Task objective: Give the lines below again, exactly as they stand, and leave out the images.

Data excerpt:

◆ ◆ ◆ ◆

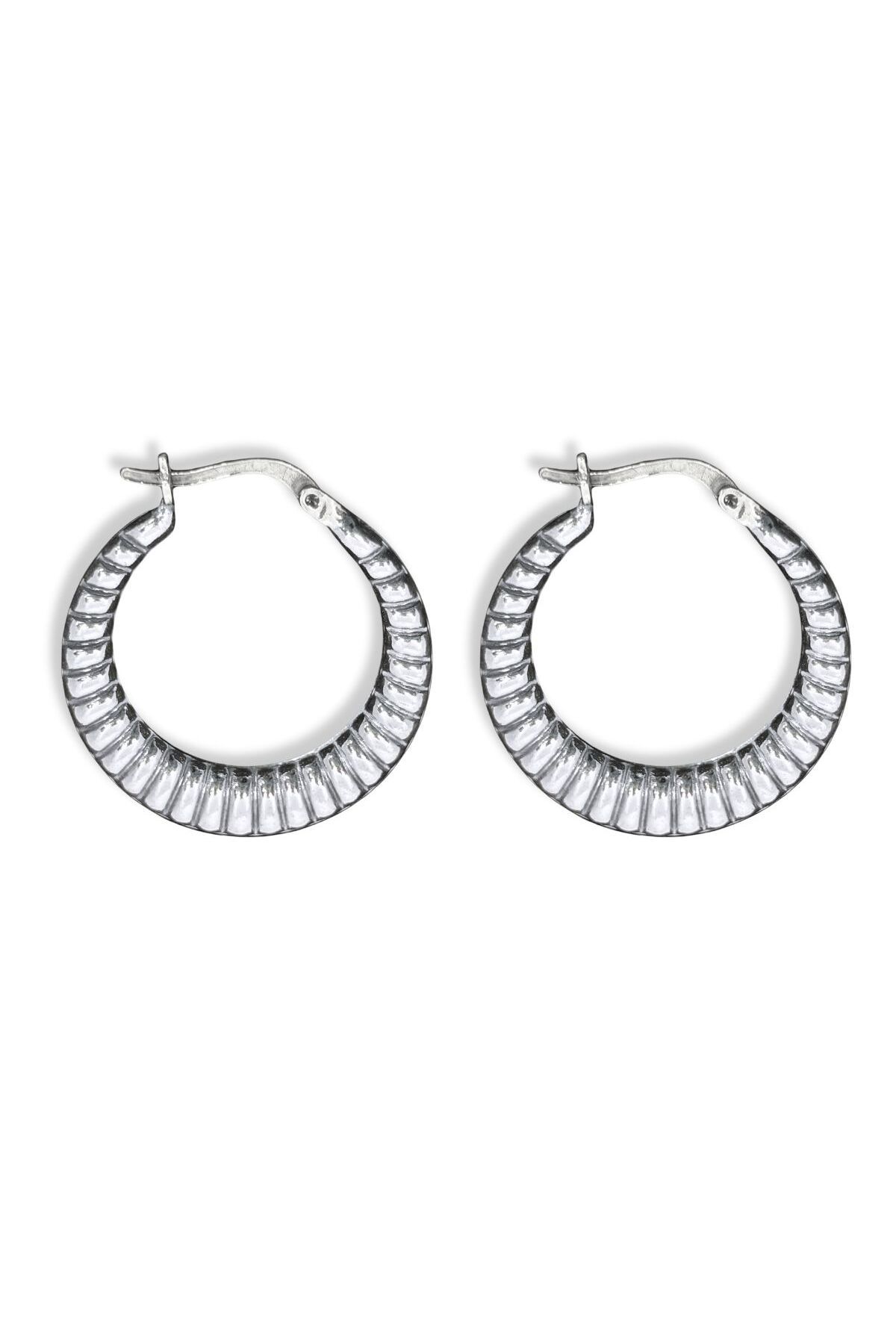 oya silver Çizgili Burgu Kadın Gümüş Halka Küpe 2.8x2.8CM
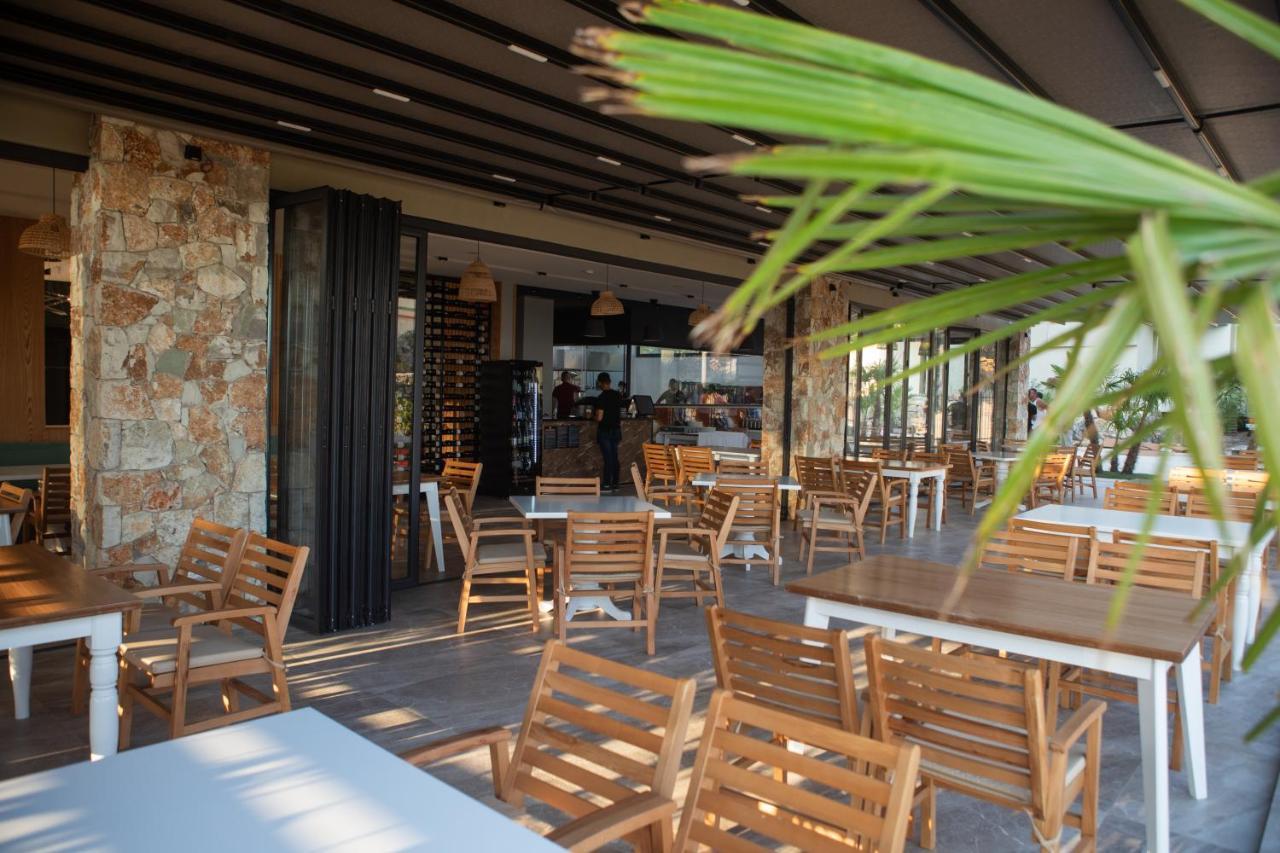 Hotel Qeparo Extérieur photo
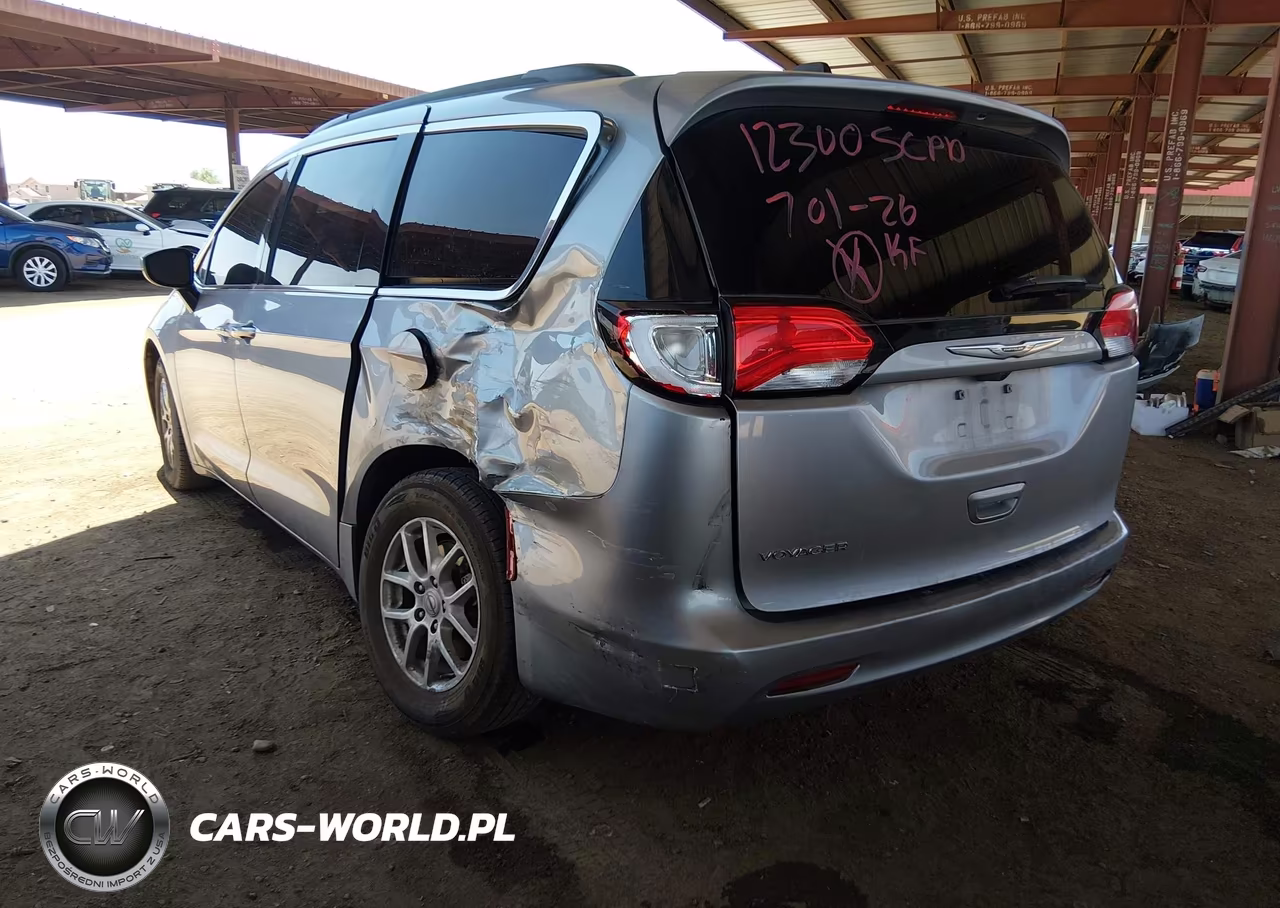 2021 Chrysler Voyager Lxi VIN:2C4RC1DG5MR547420 - 3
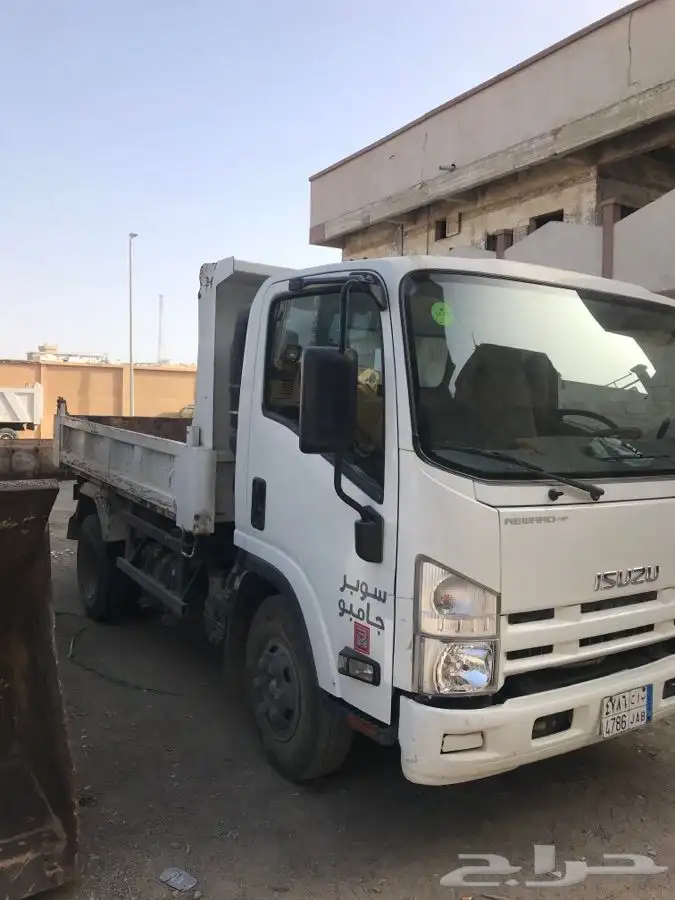 معدات ثقيله للإيجار الوجه املج ضبا العلاء 25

◆ ◆ ◆ ◆

Exercise result:
 oya silver Çizgili Burgu Kadın Gümüş Halka Küpe 2.8x2.8CM
 Hotel Qeparo Extérieur photo
 2021 Chrysler Voyager Lxi VIN:2C4RC1DG5MR547420 - 3
 معدات ثقيله للإيجار الوجه املج ضبا العلاء 25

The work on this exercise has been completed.